A high-level financial analysis took place in 2013 with Fort Frances’ initial asset management database. The 2013 capital budget analysis found that under 14 percent of the Town’s average annual investment requirements for the asset categories analyzed (roads, bridges and culverts, storm sewers, and social housing) was being funded by the proposed annual capital budget. Gerry recommended around a 2 percent annual increase to the capital budget over the following 10 years. According to the 2018 analysis, the increase was achieved for rate-based funded assets. These numbers do not take into account one-time funding sources – it is likely that a community will receive one-time funding sources from a grant or reallocation of funds for a single project – but these do not represent regular funding that can be expected on an annual basis and are therefore not accounted for.
The 2018 analysis determined that an annual 1.5 percent funding increase is required over the next 20 years in order to close the average annual investment requirement funding gap. However, if lifecycle strategies are introduced, the required funding increase can be lowered to around 1 percent. The required increase in average annual capital investment requirements can be fulfilled by a number of resources whether that is a reallocation funds, higher user-rates or taxes, loans, or other grant opportunities.
The next steps for the Town of Fort Frances are to continue to work towards completing its asset database. With data collection tools, enterprise asset management software, trained staff, and bolstered internal expertise, the Town can continue to commit the next five years to advancing its asset management program and merging its software systems and database. The Town has experienced some change in management in the financial department which can often cause a brief pause in project progress. However, Dawn Galusha, the Town’s new Treasurer, is interested to see the benefits that a thorough asset management program can bring to their capital budget planning.
The Manager of Operations & Facilities, Travis Rob, has dedicated significant time to advancing the Town’s asset management program. He admits that he is still slightly anxious about their capacity to maintain their progress and thoroughly utilize the results of the asset management plan.

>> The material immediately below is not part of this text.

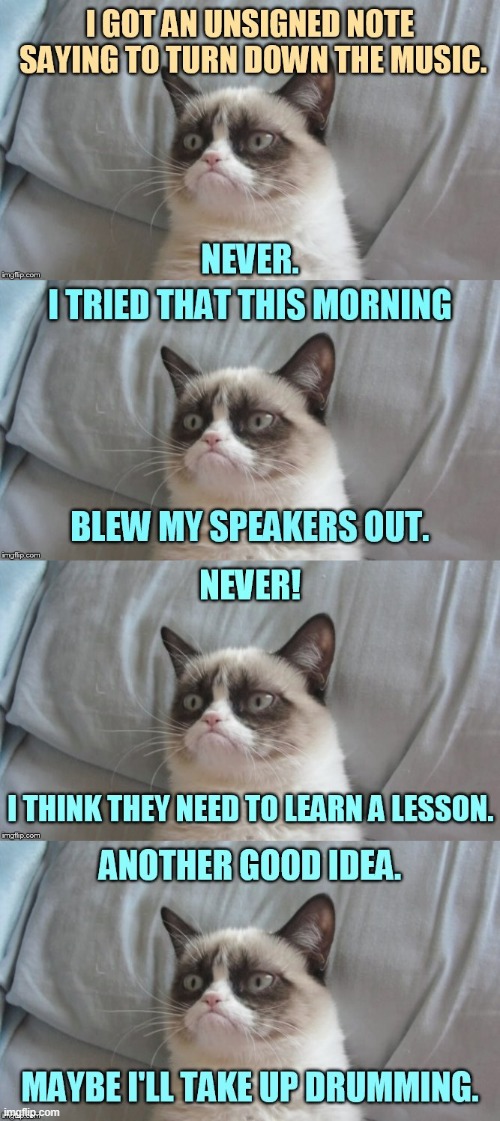 cats grumpy cat Memes & GIFs - Imgflip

However, he hopes that over time, asset management will become part of the staff and management’s every day operations. A notably important feature of the asset management roadmap process has been the initial state of maturity assessment which assisted in opening communication across departments and with council. Travis found that this experience has significantly supported the expansion of the staff’s understanding of asset management and their data.